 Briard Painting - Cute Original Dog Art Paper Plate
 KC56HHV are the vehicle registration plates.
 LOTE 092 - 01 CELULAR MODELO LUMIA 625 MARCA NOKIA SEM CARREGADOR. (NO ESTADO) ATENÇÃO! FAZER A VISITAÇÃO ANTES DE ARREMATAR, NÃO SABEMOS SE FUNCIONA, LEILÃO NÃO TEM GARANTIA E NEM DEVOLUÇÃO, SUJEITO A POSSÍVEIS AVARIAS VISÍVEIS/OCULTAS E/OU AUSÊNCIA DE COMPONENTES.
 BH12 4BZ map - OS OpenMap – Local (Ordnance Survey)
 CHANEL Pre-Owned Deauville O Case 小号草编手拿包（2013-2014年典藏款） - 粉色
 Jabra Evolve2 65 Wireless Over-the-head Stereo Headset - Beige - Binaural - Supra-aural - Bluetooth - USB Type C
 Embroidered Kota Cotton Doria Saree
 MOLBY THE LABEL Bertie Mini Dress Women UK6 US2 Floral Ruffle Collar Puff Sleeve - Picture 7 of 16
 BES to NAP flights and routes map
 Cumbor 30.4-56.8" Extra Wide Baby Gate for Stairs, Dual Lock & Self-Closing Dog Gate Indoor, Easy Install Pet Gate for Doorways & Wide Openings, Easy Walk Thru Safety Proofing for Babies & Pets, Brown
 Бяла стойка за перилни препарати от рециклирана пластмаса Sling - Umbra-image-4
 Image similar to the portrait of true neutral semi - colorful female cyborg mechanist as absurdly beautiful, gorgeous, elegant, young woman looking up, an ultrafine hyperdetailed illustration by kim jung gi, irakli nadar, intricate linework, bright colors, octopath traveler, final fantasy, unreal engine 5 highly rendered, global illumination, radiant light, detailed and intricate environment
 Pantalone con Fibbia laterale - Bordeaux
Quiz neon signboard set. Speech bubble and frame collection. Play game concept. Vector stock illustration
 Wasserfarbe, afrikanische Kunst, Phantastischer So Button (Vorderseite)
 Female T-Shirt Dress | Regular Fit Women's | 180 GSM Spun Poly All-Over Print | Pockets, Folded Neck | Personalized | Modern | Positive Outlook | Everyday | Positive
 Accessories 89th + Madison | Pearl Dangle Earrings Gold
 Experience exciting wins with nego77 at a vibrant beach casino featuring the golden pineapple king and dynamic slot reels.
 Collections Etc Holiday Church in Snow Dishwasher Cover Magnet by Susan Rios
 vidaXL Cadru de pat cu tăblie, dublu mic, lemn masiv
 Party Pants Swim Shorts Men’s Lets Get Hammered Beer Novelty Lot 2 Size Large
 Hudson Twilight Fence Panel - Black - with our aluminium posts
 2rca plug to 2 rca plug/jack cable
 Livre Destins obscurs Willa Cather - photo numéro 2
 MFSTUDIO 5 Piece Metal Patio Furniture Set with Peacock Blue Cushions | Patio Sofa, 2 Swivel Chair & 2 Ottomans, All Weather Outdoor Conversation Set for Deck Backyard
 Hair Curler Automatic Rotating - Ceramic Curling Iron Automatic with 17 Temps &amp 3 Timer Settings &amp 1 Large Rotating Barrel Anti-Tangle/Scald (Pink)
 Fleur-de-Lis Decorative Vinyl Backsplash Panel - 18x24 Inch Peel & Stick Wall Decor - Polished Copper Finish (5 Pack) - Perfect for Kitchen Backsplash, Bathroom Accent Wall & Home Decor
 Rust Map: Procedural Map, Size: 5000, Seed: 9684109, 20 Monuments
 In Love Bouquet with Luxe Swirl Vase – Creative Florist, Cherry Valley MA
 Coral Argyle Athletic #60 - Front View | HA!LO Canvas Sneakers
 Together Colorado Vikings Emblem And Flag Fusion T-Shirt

####################

▶ [Task instructions] After locating the line holding "MOLBY THE LABEL" above, output exactly that line and every line after it through the line holding "MFSTUDIO 5 Piece". Include nothing else.

▶ [Solution to the exercise]
 MOLBY THE LABEL Bertie Mini Dress Women UK6 US2 Floral Ruffle Collar Puff Sleeve - Picture 7 of 16
 BES to NAP flights and routes map
 Cumbor 30.4-56.8" Extra Wide Baby Gate for Stairs, Dual Lock & Self-Closing Dog Gate Indoor, Easy Install Pet Gate for Doorways & Wide Openings, Easy Walk Thru Safety Proofing for Babies & Pets, Brown
 Бяла стойка за перилни препарати от рециклирана пластмаса Sling - Umbra-image-4
 Image similar to the portrait of true neutral semi - colorful female cyborg mechanist as absurdly beautiful, gorgeous, elegant, young woman looking up, an ultrafine hyperdetailed illustration by kim jung gi, irakli nadar, intricate linework, bright colors, octopath traveler, final fantasy, unreal engine 5 highly rendered, global illumination, radiant light, detailed and intricate environment
 Pantalone con Fibbia laterale - Bordeaux
Quiz neon signboard set. Speech bubble and frame collection. Play game concept. Vector stock illustration
 Wasserfarbe, afrikanische Kunst, Phantastischer So Button (Vorderseite)
 Female T-Shirt Dress | Regular Fit Women's | 180 GSM Spun Poly All-Over Print | Pockets, Folded Neck | Personalized | Modern | Positive Outlook | Everyday | Positive
 Accessories 89th + Madison | Pearl Dangle Earrings Gold
 Experience exciting wins with nego77 at a vibrant beach casino featuring the golden pineapple king and dynamic slot reels.
 Collections Etc Holiday Church in Snow Dishwasher Cover Magnet by Susan Rios
 vidaXL Cadru de pat cu tăblie, dublu mic, lemn masiv
 Party Pants Swim Shorts Men’s Lets Get Hammered Beer Novelty Lot 2 Size Large
 Hudson Twilight Fence Panel - Black - with our aluminium posts
 2rca plug to 2 rca plug/jack cable
 Livre Destins obscurs Willa Cather - photo numéro 2
 MFSTUDIO 5 Piece Metal Patio Furniture Set with Peacock Blue Cushions | Patio Sofa, 2 Swivel Chair & 2 Ottomans, All Weather Outdoor Conversation Set for Deck Backyard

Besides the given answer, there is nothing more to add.